Venice Film Review: ‘Soni’

By Jay Weissberg

LOS ANGELES (Variety.com) – Two policewomen in New Delhi rub up against sexual harassment, gender expectations, and the exhaustion of the job’s constant pressures in Ivan Ayr’s understated gem of a debut, “Soni.” With an intelligent, subtle script and camerawork so organically natural one doesn’t immediately realize that each scene is shot in one take, the film draws on a subject much in the news and spins it into a multilayered yet low-key study without preaching or sensationalizing.

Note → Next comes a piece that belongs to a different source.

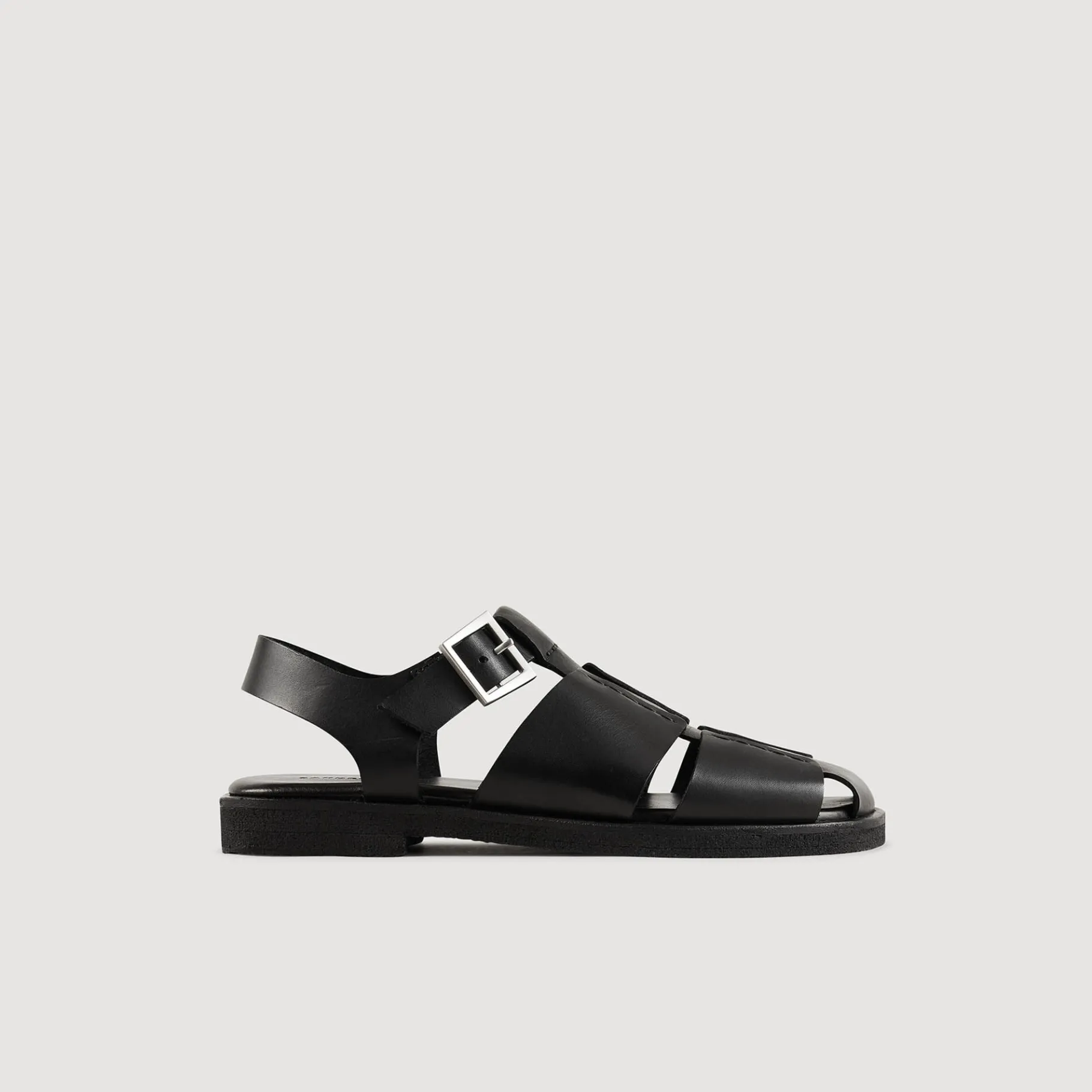 Sale SANDRO Sandales En Cuir Noir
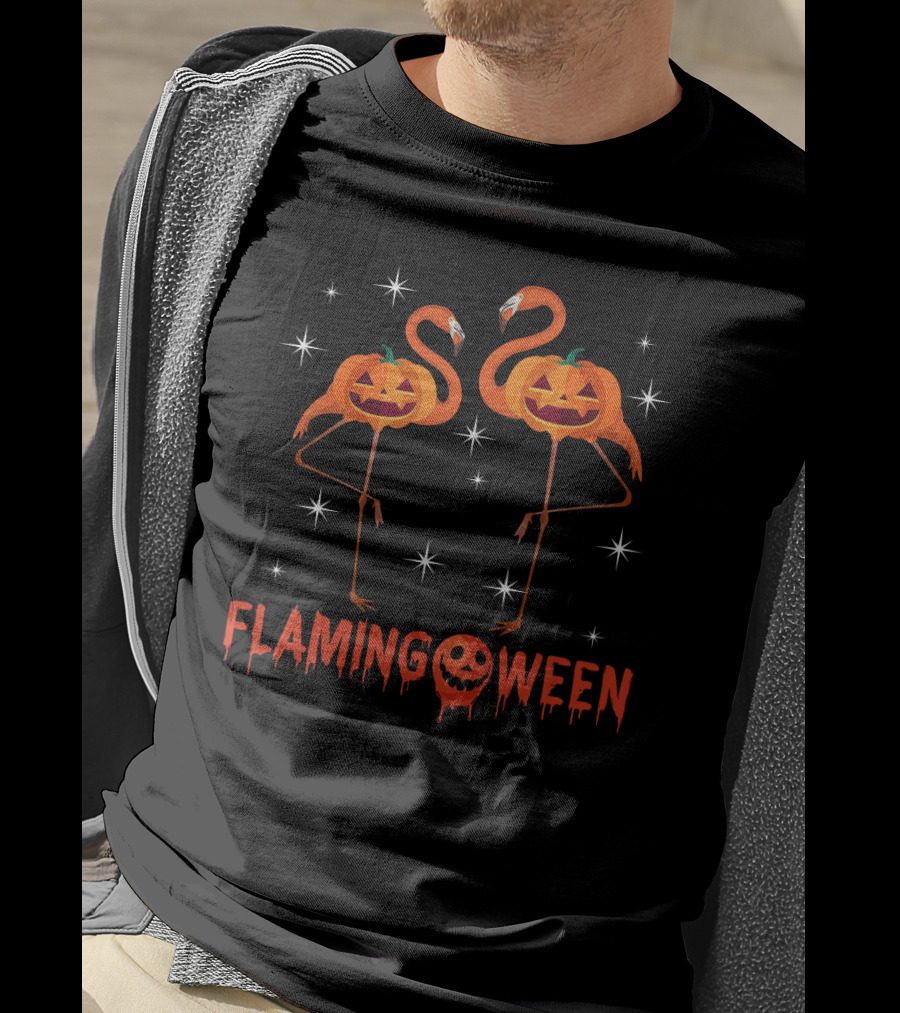 Flamingoween Funny Flamingos With Pumpkin Heads And Stars T-Shirt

When indie Indian films make a splash away from home they tend to be sentimental feel-good dramedies; with the right marketing, “Soni” could break the pattern and become an international art-house sleeper.

Undercover cop Soni (Geetika Vidya Ohlyan) works the night shift as part of a decoy operation targeting violent crimes against women. Naturally no-nonsense and under considerable strain from personal issues (not fully revealed until near the end), she’s quick to anger when pushed, such as one evening when a cheeky cyclist’s verbal harassment crosses the line and she gives him a pounding. Given how she’s scolded by her superior, Kalpana Ummat (Saloni Batra), clearly this isn’t the first time she’s lost control, but the superintendent values Soni’s work and knows she’s going through a rough patch.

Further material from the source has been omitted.